2.2 Feature computation, summaries and comparisons

We separately characterize each quarterly hydroclimatic time series (see Sect. 2.1) by estimating eight interpretable features (see Table 1). Three of these features belong to the large family of the sample autocorrelation features (see, for example, Wei 2006), thereby being appropriate for investigating the temporal dependence structure. The first of them is the lag-1 sample autocorrelation of the time series (hereafter referred to simply as “lag-1 autocorrelation”). This feature characterizes both the magnitude and the sign of the correlation between two subsequent points in the time series and, thus, between the hydroclimatic means corresponding to two subsequent seasons for the analyses herein. The second autocorrelation feature is the sum of the squared sample autocorrelation values of the time series at the lags equal from 1 to 10 seasons. This specific feature is hereafter referred to simply as “autocorrelation summary”, as it summarizes multiple autocorrelation features. The third autocorrelation feature supporting the investigations of this work is the lag-4 sample autocorrelation of a time series, a feature particularly relevant to characterizing the magnitude of the relationship between time series values corresponding to the same season (i.e. the annual-scale dependence) in a quarterly time series and, thus, hereafter referred to simply as “seasonal autocorrelation”.

Table 1 Features computed for characterizing each quarterly hydroclimatic time series

Another feature supporting our investigations herein is called “temporal variation”. This feature is the standard deviation of the first-order differenced standardized time series and is similar to the coefficient of variation. For detailed information on time series differencing and its usefulness in reducing seasonality and trend features before conducting further analyses, the reader is referred to Hyndman and Athanasopoulos (2021). Moreover, we compute the “spectral entropy” of the time series by following the method by Jung and Gibson (2006). This feature is usually perceived to be measuring the random (or noisy) component of the time series (see, for example, Hyndman and Athanasopoulos 2021) and, therefore, it facilitates characterizations and comparisons in terms of predictability. The sixth feature investigated in this work is the Hurst parameter of the fractional Gaussian noise process, an analogous of the autoregressive fractionally integrated moving average process (see, for example, Wei 2006). This feature is computed by applying the method by Tyralis and Koutsoyiannis (2011) to time series that have been previously deseasonalized according to the additive classical model for time series decomposition (see, for example, Hyndman and Athanasopoulos 2021) and by assuming four seasons. It is herein referred to as “Hurst exponent” and is broadly known to support long-range temporal dependence (or “Hurst phenomenon”) investigations. While the term “autocorrelation feature” could also be used to refer to Hurst features, in what follows we will be using it to refer only to the lag-1 autocorrelation, autocorrelation summary and seasonal autocorrelation features.

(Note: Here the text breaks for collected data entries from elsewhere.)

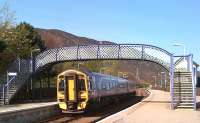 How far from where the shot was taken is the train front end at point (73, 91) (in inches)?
1238

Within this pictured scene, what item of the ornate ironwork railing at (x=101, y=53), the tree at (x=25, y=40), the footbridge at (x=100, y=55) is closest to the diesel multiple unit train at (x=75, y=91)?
the footbridge at (x=100, y=55)

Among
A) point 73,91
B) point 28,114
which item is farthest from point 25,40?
point 28,114

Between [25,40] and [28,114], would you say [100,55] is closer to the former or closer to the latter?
[25,40]

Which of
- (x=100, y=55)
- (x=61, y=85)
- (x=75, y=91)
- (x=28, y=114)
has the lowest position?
(x=28, y=114)

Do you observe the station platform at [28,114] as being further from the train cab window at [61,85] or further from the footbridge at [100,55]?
the footbridge at [100,55]

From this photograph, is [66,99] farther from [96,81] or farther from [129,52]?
[129,52]

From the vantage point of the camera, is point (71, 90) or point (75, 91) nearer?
point (75, 91)

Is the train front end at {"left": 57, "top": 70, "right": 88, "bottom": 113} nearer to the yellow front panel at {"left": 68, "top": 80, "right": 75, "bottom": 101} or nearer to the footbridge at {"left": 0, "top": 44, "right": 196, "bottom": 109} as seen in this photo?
the yellow front panel at {"left": 68, "top": 80, "right": 75, "bottom": 101}

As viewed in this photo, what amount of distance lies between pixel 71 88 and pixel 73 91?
25cm

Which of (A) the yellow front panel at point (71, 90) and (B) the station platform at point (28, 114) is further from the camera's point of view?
(A) the yellow front panel at point (71, 90)

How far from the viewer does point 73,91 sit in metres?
31.7

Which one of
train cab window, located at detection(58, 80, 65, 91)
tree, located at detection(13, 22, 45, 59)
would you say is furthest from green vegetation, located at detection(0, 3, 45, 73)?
train cab window, located at detection(58, 80, 65, 91)

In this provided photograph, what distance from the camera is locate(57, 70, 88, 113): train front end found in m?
31.4

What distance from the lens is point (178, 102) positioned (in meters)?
37.0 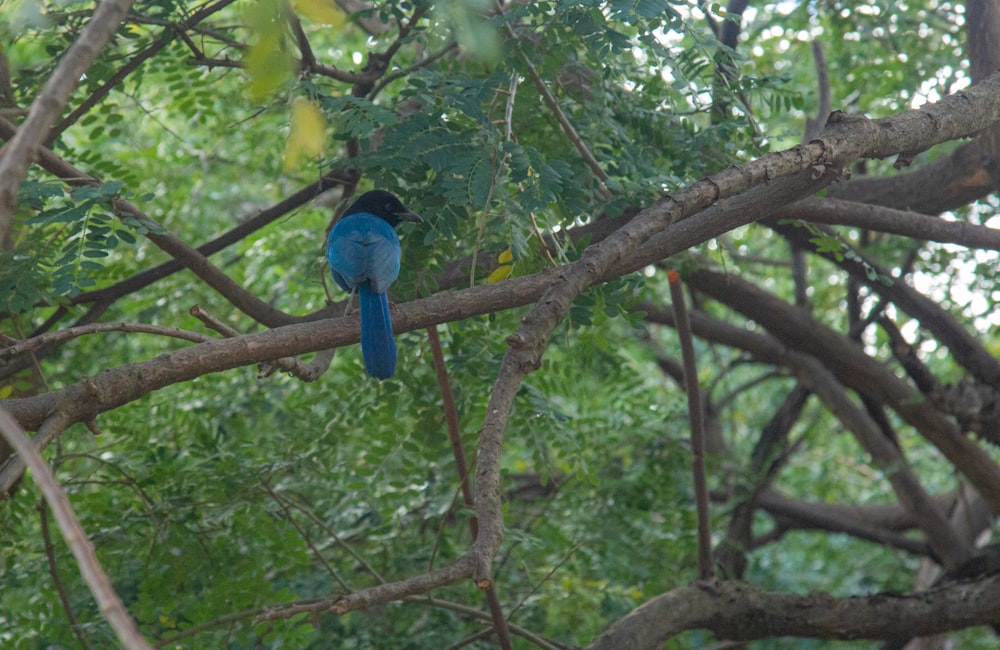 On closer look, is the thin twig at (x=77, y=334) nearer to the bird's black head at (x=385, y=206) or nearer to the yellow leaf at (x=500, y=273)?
the yellow leaf at (x=500, y=273)

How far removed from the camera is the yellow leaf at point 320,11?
5.69ft

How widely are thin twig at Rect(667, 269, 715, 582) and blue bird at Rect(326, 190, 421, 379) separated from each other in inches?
53.2

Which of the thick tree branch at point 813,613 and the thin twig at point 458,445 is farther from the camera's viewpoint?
the thick tree branch at point 813,613

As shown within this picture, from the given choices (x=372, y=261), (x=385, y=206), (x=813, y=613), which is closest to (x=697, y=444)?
(x=813, y=613)

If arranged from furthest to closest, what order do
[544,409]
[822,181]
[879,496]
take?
[879,496], [544,409], [822,181]

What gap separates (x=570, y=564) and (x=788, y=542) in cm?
554

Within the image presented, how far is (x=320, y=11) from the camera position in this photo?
1737 millimetres

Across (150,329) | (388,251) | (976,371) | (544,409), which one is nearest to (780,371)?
(976,371)

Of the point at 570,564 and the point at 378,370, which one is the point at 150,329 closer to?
the point at 378,370

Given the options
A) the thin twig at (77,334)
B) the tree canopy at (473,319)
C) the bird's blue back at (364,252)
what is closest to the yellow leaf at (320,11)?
the tree canopy at (473,319)

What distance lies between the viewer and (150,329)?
263 centimetres

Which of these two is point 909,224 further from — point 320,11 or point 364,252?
point 320,11

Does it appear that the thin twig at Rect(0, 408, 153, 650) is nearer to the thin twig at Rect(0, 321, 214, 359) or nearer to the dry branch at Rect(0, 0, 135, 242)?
the dry branch at Rect(0, 0, 135, 242)

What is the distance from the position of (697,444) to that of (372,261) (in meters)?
1.93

The computation of the last two time series features of this work involves seasonal and trend time series decomposition using Loess (STL decomposition; see, for example, Hyndman and Athanasopoulos 2021, Chapter 3.6). The exact procedures followed for obtaining the seasonal, smoothed trend and remainder components of each time series can be found in Hyndman and Khandakar (2008). Once these procedures have been completed, the “trend strength” and “seasonality strength” of the time series are computed according to Kang et al. (2017). Then, the former of these features is equal to 1 minus the quotient of the remainder component’s variance and the variance of the deseasonalized time series, while the latter of them is equal to 1 minus the quotient of the remainder component’s variance and the variance of the time series with its smoothed trend component removed.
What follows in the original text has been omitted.